C.J. Mahaney likes to respond to that question with "better than I deserve". That is certainly how I feel most of the time. Over the past two years God has turned my life upside down. One after another He has brought situations into my life, for His glory and most certainly for my good. And I thank God for these trying times, which certainly feel like trials at times. God has stripped me of things I used to hold dear, things and persons I used to lean on. He has taken one thing/person after another, so that my only choice is to realize that He alone is my strength, my stronghold. I have the habit of building idols in my heart, of making people, including myself, my idols. I was just like Gomer, Hosea's extremely adulterous wife. I looked everywhere else for satisfaction, to have my "needs" (more accurately called "lusts of the heart") fulfilled. I left my God, my first love, to go after other lovers, thinking that they can fulfill my heart's desires, they can supply me with what I need. But it has been God who has been sustaining me all along, who has been keeping me from greater sin (as if the sins I've committed against Him were not grave enough). And now that He has saved me from the dominion of darkness and has made me a branch that is connected to Christ, God the Father has been pruning my life to yield more fruit.

Pruning is not a fun and light process. My sinful nature does not like to be pruned by God. So while being pruned or chastised, my flesh hurts and my pride is crushed. I honestly cannot say "I'm good" while going through trials which I know is God pruning me. I feel like crap (that might be an unChristian word to use) when my fleshly lusts and selfish ambitions are being denied. But I know and I truly believe that everything is happening exactly as God has planned and He is allowing things to pass to mold me into more Christlike submission and obedience to Him.

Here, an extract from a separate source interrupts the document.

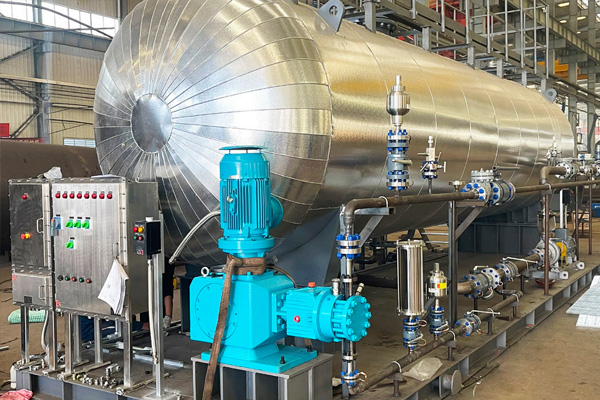 Production workshop - skid-mounted product insulation and instrument piping installation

When I say "I'm okay, thanks", I mean that I'm a sinner saved by grace alone. I'm a forgiven sinner still struggling with sin in the flesh. I'm a saved sinner seeking to please my Lord with whatever I do, say and think, but constantly falling flat on my face. I'm a justified sinner in the process of being pruned, chastised, and sanctified, who still has a long way to go. I'm a sinner truly thankful for trials, who almost wants to ask for trials when times are smooth-sailing, for they have been God's means of grace of keeping me humble before Him and ever dependent upon Him. Who would've ever thought that we could be thankful for trials?